If I understand you correctly, you are trying to create a kind of visual novel system, where lines of text are accompanied by images.
In that case it would make sense to declare a struct type that contains both the line and (references to the) image(s) you want that line of text to be accompanied by. So you have both pieces of information together and handle them as one piece of data.
Example:
public class Dialog : MonoBehaviour
[Serializable]
struct DialogLine {
public string text;
public Sprite image;
}
public DialogLine[] lines;
[...]
void Update()
{
if (Input.GetMouseButtonDown(0))
{
currentLineIndex++;
yourUiImage.sprite = line[currentLineIndex].image;
yourUiText.text = line[currentLineIndex].text;
}
}
}
Due to the [Serializable] attribute, you will get an automatic editor for your lines array in the inspector of this game object. So you can write your dialogue directly in the inspector by adding new elements to that array, entering text and assigning sprite assets via drag&drop.
This might be sufficient for a small game or prototype, or one where the cutscenes remain linear and simple. But if you intent to create a more ambitioned project, then you might want to consider how you can streamline your workflow further. Especially when you need more advanced things like branching dialogues, variables embedded in text or programming logic embedded within dialogues. In that case the solution I presented here might quickly turn ugly.

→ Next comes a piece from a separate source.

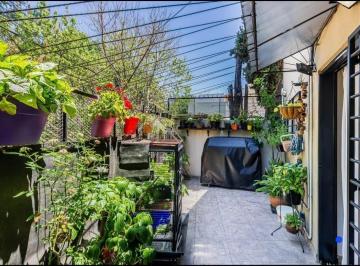 PH · 84m² · 3 Ambientes · Departamento en Duplex de 3 Ambientes con Espacio Guardacoche y Balcon Terraza en Flores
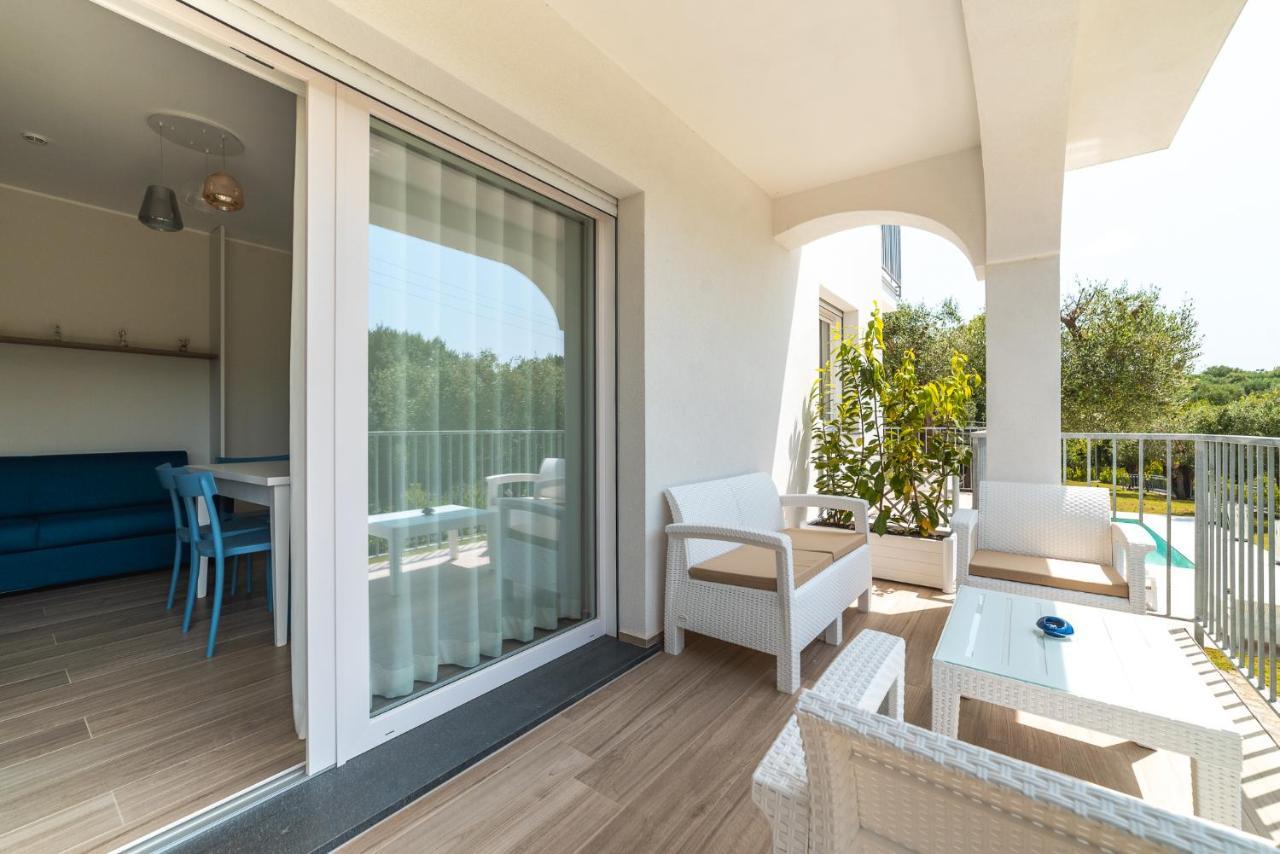 Micabalu Luxury Apartment Marina di Camerota Exterior photo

One more expandable solution would be to read the lines from a text file in a scripting language. You could invent and implement your own language for that (been there, done that, went temporarily insane), but you will probably save a lot of time and sanity by using an existing solutions for that like Ink or Yarnspinner. Or you could go for a complete kitchen-sink-included visual novel system like Naninovel.